The Aish Rabbi Replies

The Torah prescribes a blue dye called "techelet" to be used as one of the strings on the Tzitzit, and also used for dying priestly garments. (see Exodus 25:4 and Numbers 15:38)

However, Tzitzit are still fit for use even if they lack the blue string.

Techelet was a bluish color, obtained from the fluid of a sea creature called the chilazon (Tosefta Menachot 9:6). It is found on the coast of northern Israel, though there is a disagreement among scholars regarding what the chilazon actually is. Some say it is a snail, others say a squid, and some claim it is another type of mollusk.

At any rate, this particular dye was very precious and because of its value, the Romans (who conquered Israel in 63 BCE) seized control of its usage. This caused the Jewish dyers to go underground. By 639 CE, at the time of the Arab conquest, the secret of techelet was lost all together.

In the 1850s, Rabbi Gershon Henoch Leiner, the Radzyner Rebbe, began to search for the long lost chilazon. What he came up with was a type of squid that fit the Talmud's description. Within a few years, thousands of the rebbe's followers were wearing techelet.
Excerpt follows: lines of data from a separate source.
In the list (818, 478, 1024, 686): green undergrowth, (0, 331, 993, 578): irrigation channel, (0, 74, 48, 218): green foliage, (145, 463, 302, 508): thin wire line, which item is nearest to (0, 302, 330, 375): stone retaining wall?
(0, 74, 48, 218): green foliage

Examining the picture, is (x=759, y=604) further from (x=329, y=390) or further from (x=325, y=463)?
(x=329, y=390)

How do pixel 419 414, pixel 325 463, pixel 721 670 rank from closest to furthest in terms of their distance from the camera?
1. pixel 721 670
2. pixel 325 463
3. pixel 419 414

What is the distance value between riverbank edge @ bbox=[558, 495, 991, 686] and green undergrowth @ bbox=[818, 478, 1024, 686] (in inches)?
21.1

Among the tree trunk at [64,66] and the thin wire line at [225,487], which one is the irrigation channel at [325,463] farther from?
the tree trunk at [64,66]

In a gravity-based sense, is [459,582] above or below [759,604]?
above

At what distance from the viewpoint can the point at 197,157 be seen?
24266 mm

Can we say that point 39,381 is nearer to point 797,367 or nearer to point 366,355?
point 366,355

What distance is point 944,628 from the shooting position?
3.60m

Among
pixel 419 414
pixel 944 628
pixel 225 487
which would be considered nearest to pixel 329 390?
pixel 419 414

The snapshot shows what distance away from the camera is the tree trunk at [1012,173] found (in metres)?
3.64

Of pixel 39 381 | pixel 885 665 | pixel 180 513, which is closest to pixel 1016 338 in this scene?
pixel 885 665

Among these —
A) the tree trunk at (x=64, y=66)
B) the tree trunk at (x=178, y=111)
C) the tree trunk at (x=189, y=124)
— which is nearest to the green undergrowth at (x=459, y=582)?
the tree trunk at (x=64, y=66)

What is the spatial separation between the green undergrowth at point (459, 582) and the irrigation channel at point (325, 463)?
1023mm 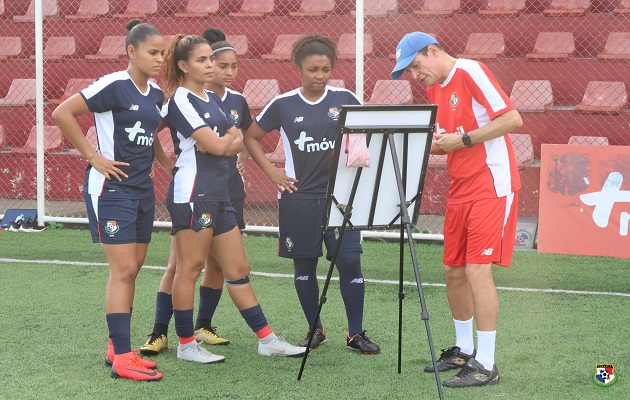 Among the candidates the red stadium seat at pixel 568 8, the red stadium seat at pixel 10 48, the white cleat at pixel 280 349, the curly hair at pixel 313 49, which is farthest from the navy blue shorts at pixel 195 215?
the red stadium seat at pixel 10 48

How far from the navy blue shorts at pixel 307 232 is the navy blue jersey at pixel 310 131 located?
0.06m

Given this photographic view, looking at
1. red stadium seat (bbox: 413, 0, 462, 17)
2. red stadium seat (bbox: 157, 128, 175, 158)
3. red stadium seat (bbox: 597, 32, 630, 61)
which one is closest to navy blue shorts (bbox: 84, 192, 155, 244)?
red stadium seat (bbox: 157, 128, 175, 158)

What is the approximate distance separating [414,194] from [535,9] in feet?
23.3

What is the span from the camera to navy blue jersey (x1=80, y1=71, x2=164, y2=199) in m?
4.73

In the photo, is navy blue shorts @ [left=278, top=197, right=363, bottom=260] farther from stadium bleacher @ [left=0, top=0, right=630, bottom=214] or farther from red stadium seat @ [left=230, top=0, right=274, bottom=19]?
red stadium seat @ [left=230, top=0, right=274, bottom=19]

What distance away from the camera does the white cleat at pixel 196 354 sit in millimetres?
5109

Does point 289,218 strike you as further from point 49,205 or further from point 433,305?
point 49,205

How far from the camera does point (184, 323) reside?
16.9 feet

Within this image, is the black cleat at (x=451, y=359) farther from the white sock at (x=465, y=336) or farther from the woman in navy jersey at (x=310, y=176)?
the woman in navy jersey at (x=310, y=176)

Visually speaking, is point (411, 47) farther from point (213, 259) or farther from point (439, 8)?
point (439, 8)

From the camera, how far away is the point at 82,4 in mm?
12508

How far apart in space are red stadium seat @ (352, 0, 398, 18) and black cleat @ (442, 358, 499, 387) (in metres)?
6.68

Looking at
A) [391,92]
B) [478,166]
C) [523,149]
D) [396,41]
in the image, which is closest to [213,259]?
[478,166]

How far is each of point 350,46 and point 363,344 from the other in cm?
621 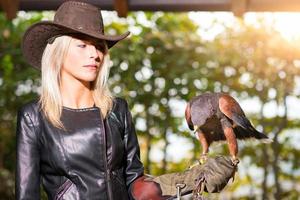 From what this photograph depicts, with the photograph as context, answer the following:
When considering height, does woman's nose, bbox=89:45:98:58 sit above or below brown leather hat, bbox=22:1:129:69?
below

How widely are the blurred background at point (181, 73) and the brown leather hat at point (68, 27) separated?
15.0ft

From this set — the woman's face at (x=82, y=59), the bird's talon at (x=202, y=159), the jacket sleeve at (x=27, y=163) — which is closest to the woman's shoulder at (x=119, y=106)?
the woman's face at (x=82, y=59)

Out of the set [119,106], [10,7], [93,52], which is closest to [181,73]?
[10,7]

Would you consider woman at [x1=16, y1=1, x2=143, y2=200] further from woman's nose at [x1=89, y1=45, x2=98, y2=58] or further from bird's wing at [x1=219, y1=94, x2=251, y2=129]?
bird's wing at [x1=219, y1=94, x2=251, y2=129]

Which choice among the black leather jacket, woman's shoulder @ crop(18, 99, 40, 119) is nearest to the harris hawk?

However, in 1913 Rabbi Isaac Herzog (the Chief Rabbi of Ireland and later the Chief Rabbi of Israel) discovered that the techelet dye of the Radzyner Rebbe included iron fillings in the process. Rabbi Herzog ruled that this makes the dye synthetic – and thus unfit for use. Nevertheless, there are still people today who wear the Techelet of the Radzyner Rebbe.

As Rabbi Herzog continued his research, he found that the French zoologist Henri de Lacase-Duthiers had discovered a mollusk called murex trunculus that could create a blue dye. Subsequent research has prompted other Jews to use Rabbi Herzog's techelet.

Today, however, the majority of Jews still do not wear Techelet because we don't have a bona fide tradition coming from the time of the Sages of exactly which animal is used.

Next time you are in Israel, you can stop by the "Temple Institute" located in the Old City of Jerusalem to see examples of wool dyed from the various sea creatures thought to be the Chilazon. To learn more, go to www.temple.org.il and www.tekhelet.co.il.

There are many esoteric meanings to the techelet thread. The Midrash says, "Whoever observes the mitzvah of tzitzit is considered as if he greeted the Divine Presence, for techelet resembles the sea, and the sea resembles the sky, and the sky resembles God's holy throne." (Sifrei – Shelach) Thus the techelet thread is a method of gaining the highest levels of spirituality.

May the Almighty reveal the secret of the chilazon, speedily in our days!